I looked over at her, her long brown hair floating out around her. She was all freckles, hundreds of the little things dotted all over her cheeks and forehead. She wasn’t looking at me; she was still looking out the window, her right hand clutching the little handle attached to the wall that kept her from just drifting away. It was almost too easy, for those of us who had been here as long as I had, to forget how it felt at first. How she must be feeling now.
I turned back to the window, the small square through which we could see it. Earth. I didn’t know what to say to her. I didn’t have the right words to make this easier. I could see her eyes shining with the forming tears, and I wished, I wished more than anything, that I did have the right words for her. Instead, I stayed silent.
I had been on one of the first. Not the first, but pretty close to it.

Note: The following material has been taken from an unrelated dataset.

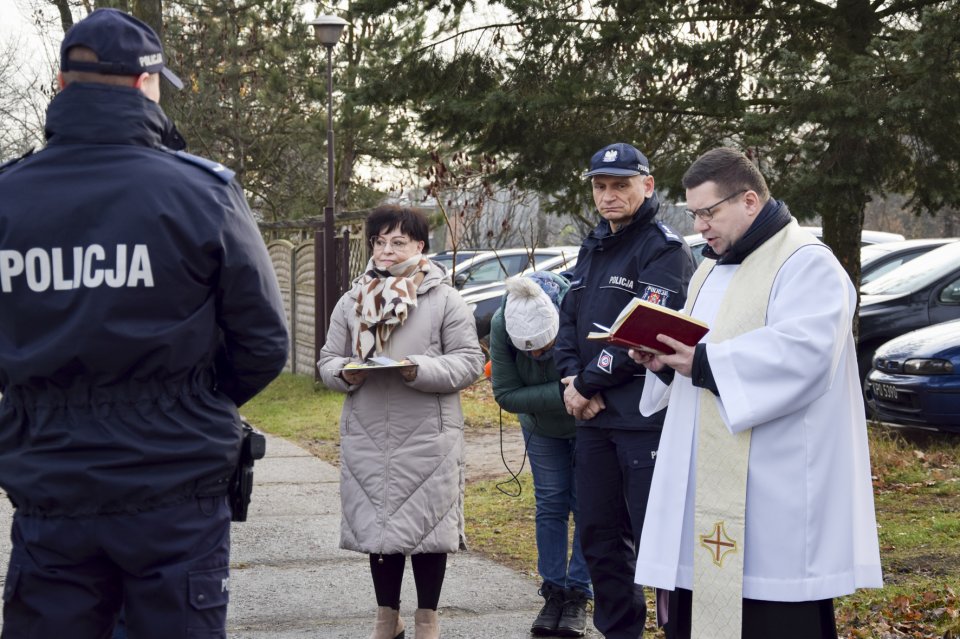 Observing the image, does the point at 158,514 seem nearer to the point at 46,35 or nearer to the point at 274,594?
the point at 274,594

The first was full of people who had been ready before the announcement was even made. Some of them for years. They’d been listening, watching, reading. Leaders all across the globe had been downplaying it, but they hadn’t been fooled. They’d looked past the press releases and international conferences. They’d seen what was really happening.
When the clouds had appeared that winter, nobody had blinked an eye. Just a grey time of year, nothing out of the ordinary. Even in the northern hemisphere, where things should have been sunny and warm, nobody really scratched their heads about it. Just a cool summer. The last few had been pretty hot, after all, so why should they complain about a bit of respite?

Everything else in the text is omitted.